On est là pour pousser le client à mobiliser son énergie et ses talents.»

Le coach est: «L’allié qui protège, éveille, alerte, critique, transmet, stimule, impulse, assure, soutient.
Tout se passe comme s’il se substituait aux inerties et aux résistances qui empêchaient les acteurs d’évoluer.
Il prodigue ses encouragements, soutient, dynamise, motive.
Il pousse la personne à aller plus loin.
Il valorise la réussite. Renforcer l’estime de soi reste le fil rouge du travail.
Avant même de considérer le problème opérationnel, le coach commence par emplir la personne de signes de reconnaissance positifs.
Le transfert est essentiel en coaching: c’est le moteur auxiliaire de démarrage du changement dans le comportement du coaché, auquel le coach sert au début de la mission d’ego de substitution.
Faire le pari de l’éducabilité, porter un regard positif sur la personne tout en ayant vis-à-vis d’elle le plus haut niveau d’exigence.»

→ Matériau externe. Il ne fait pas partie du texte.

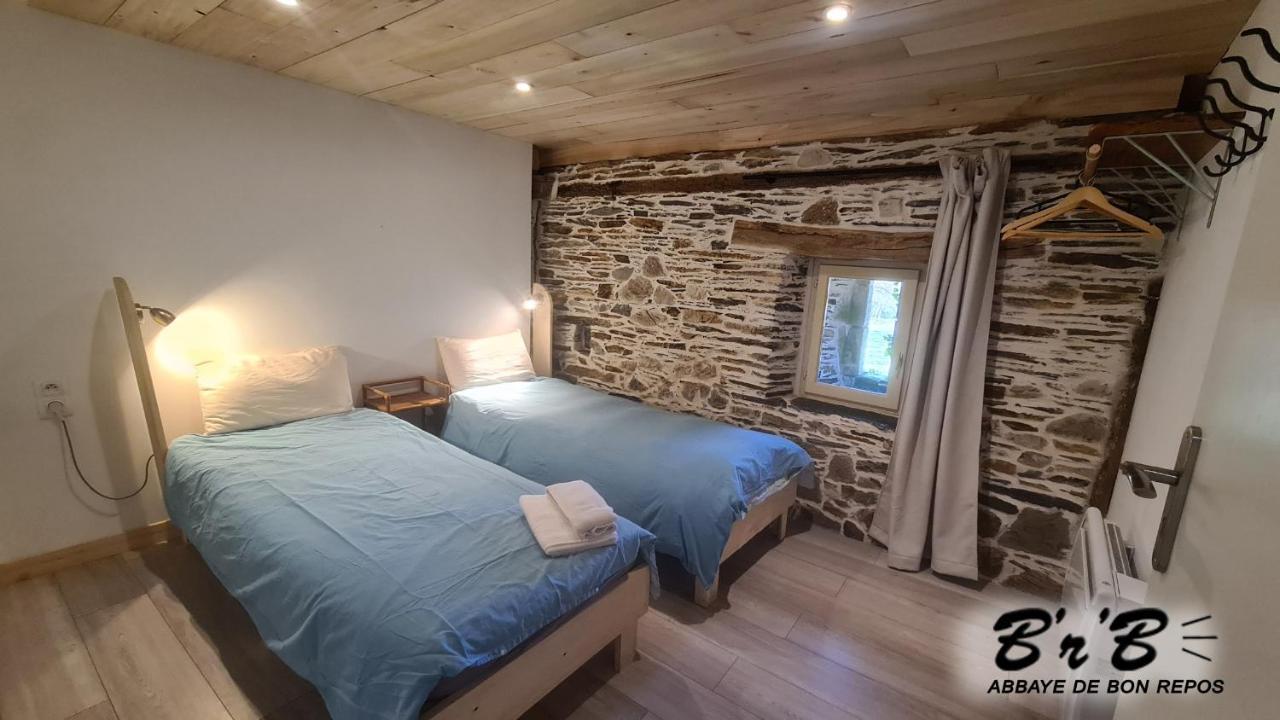 Brb Bed & Breakfast Laniscat Bagian luar foto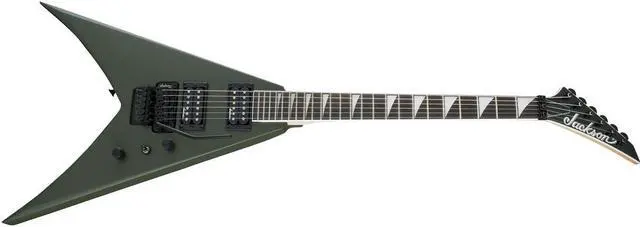 Alt view image 10 of 12 - Jackson JS Series King V JS32 Electric Guitar, Amaranth Fingerboard, Matte Army Drab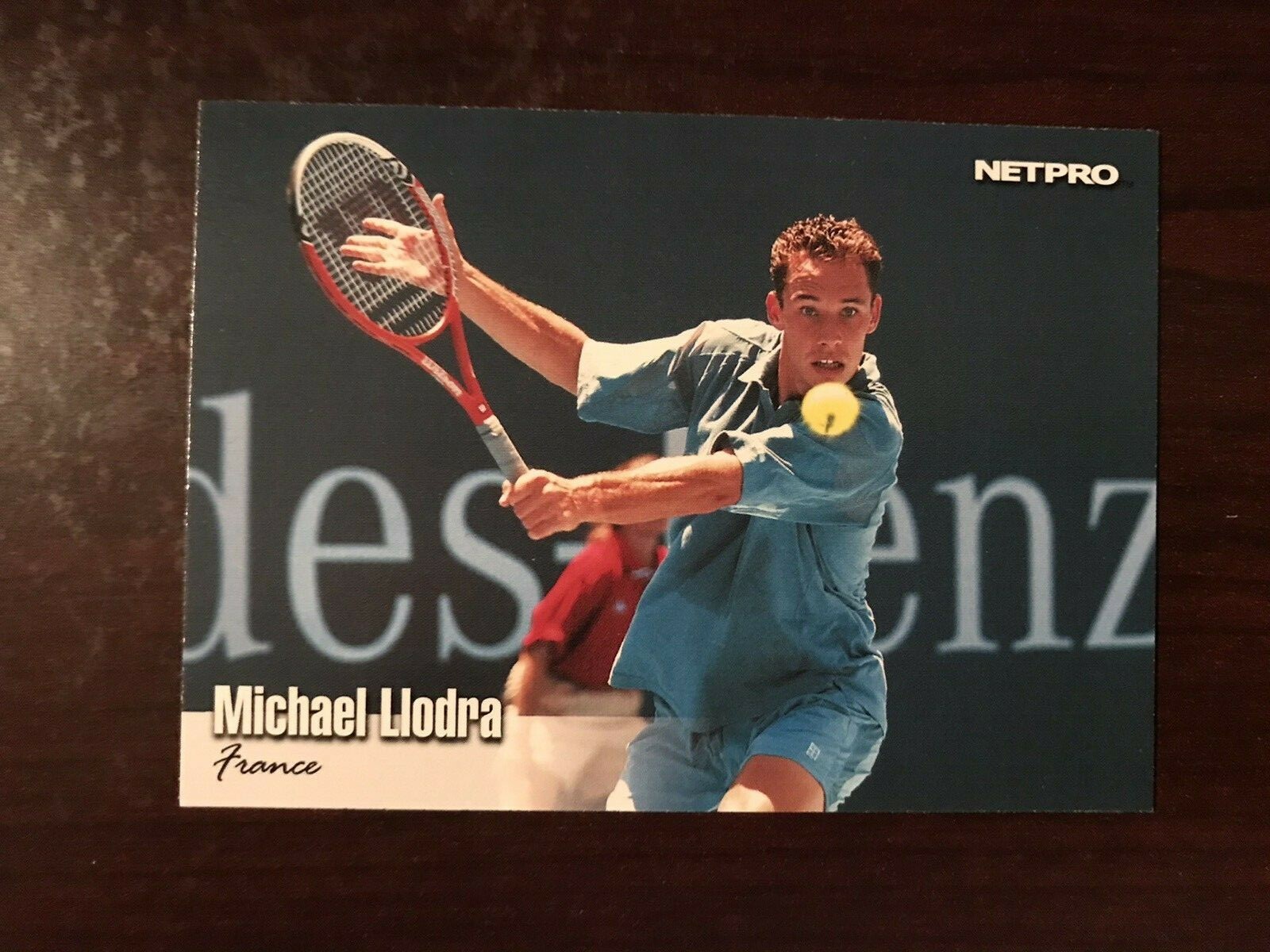 2003 Netpro #36 - Michael Llodra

Autre image curieuse: «Le coaching fonctionne un peu comme une rééducation.
Le coach engage le coaché à faire d’autres gestes, à prendre d’autres attitudes.
Exemple de quelqu’un qui ne parvient plus à communiquer avec son supérieur et donc le redoute: Allez lui dire bonjour avec le sourire pour éviter l’attente d’un signe de reconnaissance.
Une femme directeur financier, mise au placard: On va l’encourager à aller chez le coiffeur pour l’occasion du séminaire annuel.
Le coach est garde du corps et allié fidèle (??!!)
L’un des buts du coaching consiste à prendre conscience de ces schémas et à les modifier pour obtenir des «cartes» plus conformes à la réalité du territoire.
Il s’agit en quelque sorte de « recadrer » son point de vue.»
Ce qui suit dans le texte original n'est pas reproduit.